The current composition of the “Stakeholder Advisory Group” in itself challenges the review process. Some of the organisations represented are the same ones that for many years presided over the very cultures in which whistleblowers were victimised in ways Francis lays out in his report. (In 2011 Sir David Nicholson claimed to the Mid Staffs Public Inquiry that the NHS did not really have a whistleblower problem. Now it has spawned a multi-million pound industry.) The only reason the Secretary of State acted to commission the Freedom to Speak Up Review was because of sustained whistleblower pressure. It is worth noting that the stakeholder advisory group was initially constituted with only one whistleblower who had suffered significant detriment. I was invited to attend after making a strong written case to Dr. Hughes. More to the point the many NHS whistleblowers who hoped and indeed expected to be a part of the National Guardian’s work were excluded. Belatedly after more lobbying the whistleblowers have been invited to a separate meeting to ours. They could be forgiven for thinking of this as a B-list. Whether this was deliberate or an oversight does not matter. It demonstrates again that although NHS leadership is now quick to publicly recognise the importance of whistleblowers they are still ignored or marginalised in practice.

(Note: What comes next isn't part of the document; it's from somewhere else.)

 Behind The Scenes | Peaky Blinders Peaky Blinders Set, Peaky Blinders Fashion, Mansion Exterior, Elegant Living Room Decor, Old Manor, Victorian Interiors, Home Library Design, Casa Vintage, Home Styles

The remedy is clear to me. No-one understands the cultures in which NHS whistleblowers have suffered and patients have been put at risk better than the whistleblowers themselves. Only the wounded physician (or nurse etc.) heals. A significant percentage of the stakeholder advisory group should be whistleblowers. I am not interested in who they are except out of a concern that it might fuel a further sense of exclusion in some. Many NHS whistleblowers held senior posts before their dismissal and have all the qualities needed to chair or if necessary co-chair the group. I would also recommend the appointment of at least two patient champions. Building safe reporting cultures is of greater importance to patients than to any of us. Patients are the ultimate stakeholders. The F2SU guardians are important but there is need for no more than 2 as stakeholders. They will be doing their main work in the Trust. If Nick Ross is the same person that once hosted Crimewatch I applaud the wit and wisdom of whoever invited him.
It is important for all those who have not personally experienced the devastating consequences of retaliation by senior management that the whistleblowers have to recognise the unique contribution they have to make to the work of NGO.
There are of course other challenges to our work but others will probably raise them. Otherwise we will encounter them and recognise them as such in due course.